Optimization Strategies

Strategy	Type	Status
Split Conjunctive Predicates	Heuristic	Implemented
Predicate Pushdown	Schema-Aware	Implemented
Projection Pushdown	Schema-Aware	Implemented
Constant Folding	Heuristic	Implemented
Predicate Rewriter	Heuristic	Implemented
Morsel Defragmentation	Heuristic	Attempted
Aggregate Pushdown	Schema-Aware	Considered
IN (literal) to JOIN	Schema-Aware	Considered
Use Heap Sort	Heuristic	Implemented
Use pass-thru DISTINCT	Heuristic	Considered
Limit Pushdown	Heuristic	Considered
IN (subquery) to JOIN	Schema-Aware	Considered
CTE rewrite	Heuristic	Considered
Subquery flattening	Schema-Aware	Considered
JOIN ordering	Cost-Based	Considered
Predicate Ordering	Cost-Based	Attempted
Predicate Flattening	Schema-Aware	Attempted
Predicate Compaction	Schema-Aware	Designed
Correlated Predicates	Schema-Aware	Considered
Predicate Elimination	Heuristic	Implemented
JOIN Elimination	Schema-Aware	Considered

Split Conjunctive Predicates

status implemented
goal prepare
description Split ANDed (conjunctions) predicates into separate steps in the query plan

This optimization step is preparing for later optimizations, it splits filter conditions at ANDs to try to create smaller, simpler individual conditions (predicates).

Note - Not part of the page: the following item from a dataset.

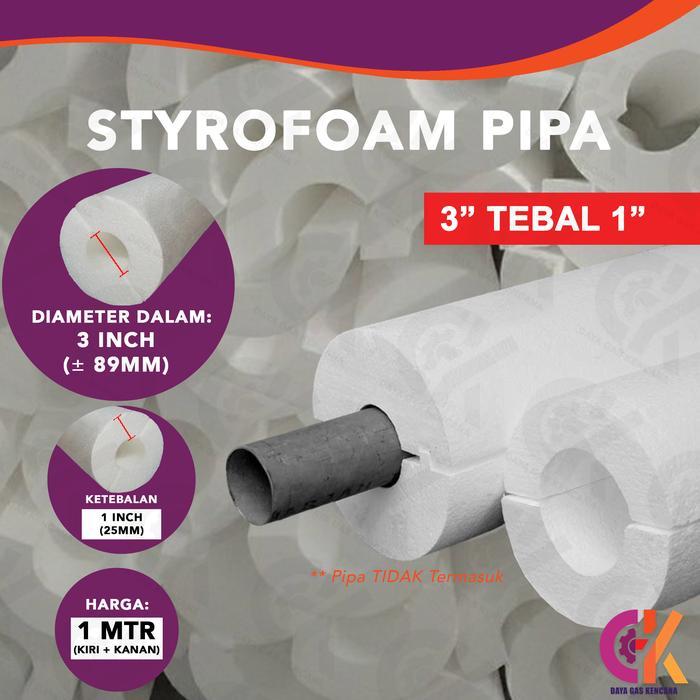 Styrofoam Pipa 3 Inch Tebal 1 Inch - Bungkus Pipa Styrofoam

These predicates are then handled in subsequent strategies, for example Predicate Pushdown and Predicate Ordering.

To split conditions, no information is needed about the schema or about costs, this strategy is executed before the binder.

Predicate Pushdown

status implemented
goal reduce rows
description Move filters earlier in the query plan

This optimization aims to reduce the number of records as quickly as possible running through the execution engine by executing filters as soon as possible. This can include pushing filters into the actual data read (e.g. for SQL and parquet), straight after reading, or into JOIN conditions.

This optimization needs to know which relation identifiers are from to be able to push toward the correct scan/JOIN, this strategy is run after the binder.

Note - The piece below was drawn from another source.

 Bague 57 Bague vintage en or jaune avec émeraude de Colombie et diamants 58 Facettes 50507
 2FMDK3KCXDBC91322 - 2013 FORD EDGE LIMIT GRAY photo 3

improvements - Push complex predicates (e.g. ORed) to SQL sources - Where filters can be inferred from statistics and JOINs, create and push these

Projection Pushdown

status implemented
goal reduce columns
description Trim unwanted columns at read

This optimization aims to increase the number of records per morsel by removing unwanted columns from relations. This is generally done during the actual read, or straight after reading (e.g. for JSONL and CSV).

This optimization needs to know which relation identifiers are from to be able to push toward the correct scan, this strategy is run after the binder.

improvements - Push common functions and transforms to SQL sources

Constant Folding

status implemented
goal reduce calculations
description Pre-evaluate expressions

This optimization aims to reduce the work done to evaluate expressions by pre-evaluating expressions which don't rely on data from relations. This includes fixed constants (e.g. literals, PI()), variable constants (current_time) and variables.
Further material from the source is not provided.